If you have something to ask, comment regarding *in particular* to June 2022 Competition, the fastest way to reach my attention is to tag my username @TaMMa89 in a message posted in this Discussion. All general questions related to Official Horse Forum Photography Competitions will be asked __here_.

_Please stay tuned since some of the rules may become still more precise or change.

*Few rules:*_
_Horses: you can participate with a photo of a horse that you own. If you participate with a photo of a horse that isn't yours, you must have the owner's permission to use a photo of their horse. Lesson horses are accepted, but it's polite to inform the stable of usage of the photo. In cases such as historical themes, in which the horse is deceased, the stable has been shut down well in the past and there's no chance to ask permission from the owner (for example because the owner has passed away), a member can use the photo of the horse, but respecting the privacy of the stable, other environment in the photo and people in that place._

_People: You must have permission from all people who are identifiable in the photo. Children under 18 years old: If you share a photo of a person who is under 18 years old and who isn't you or your child, you must have the parent's or guardian's permission to participate. The HorseForum.com Moderating Team reserves right to remove photos of underage people if them risk young members' safety or anonymity.

Editing your entry: unlike on the rest of the forum - you can edit for replacing your photo with another photo within the enrollment period. Once the poll has been set up for voting, you cannot replace your photo anymore. Photos which have been replaced within voting period will be disqualified.

Only one photo per a participant - if a participant adds more than one photo in the competition, the first one will be left for voting and others will be removed when the poll is being set up.

Please follow copyright laws of Canada while participating the competition. Photo proofs aren't allowed.

If a competition in some month has some special rules for the said month, it'll be notified within the intro of the theme.

Have fun!_

_Ps. Want to suggest a theme or few for the competition or have something else to suggest or say? Please check Photo of the Month competitions; feedback, suggestions etc.... thread!

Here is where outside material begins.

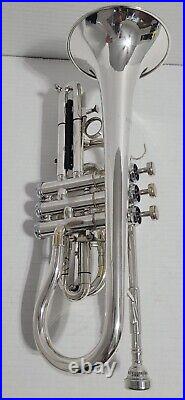 Getzen 580 Capri Series Cornet Shepherd's Crook, 2 Mouthpieces & case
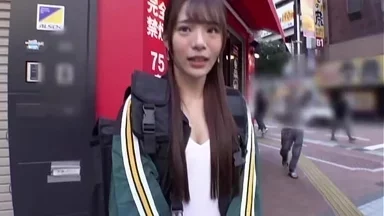 [Tự quay nghiệp dư] Đưa que rung điều khiển từ xa cho cô nàng giao hàng đã địt với nhiều khách, làm cơ thể săn chắc của cô ấy co giật và phun nước khi làm tình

All sidetrack discussion will happen here, this Discussion is reserved strictly for entries and competition._

*PS. Have you already noticed our new Official *_*Contest prizes*_*?*


----------



## PoptartShop (Jul 25, 2010)

Took this of my mare Promise's silhouette  No edit either.


----------



## My Salty Pony (Jan 1, 2022)

This is Melvin packing us, my son took this picture of me and my Granddaughter (Sterling) one late evening in my front pasture.


----------



## TaMMa89 (Apr 12, 2008)

Our June Photo of the Month 2022 winner (1 vote) is... 📸 📷










*...My Salty Pony*

@My Salty Pony , please stay tuned. You'll receive a Private Message regarding your prizes, within few next days.


----------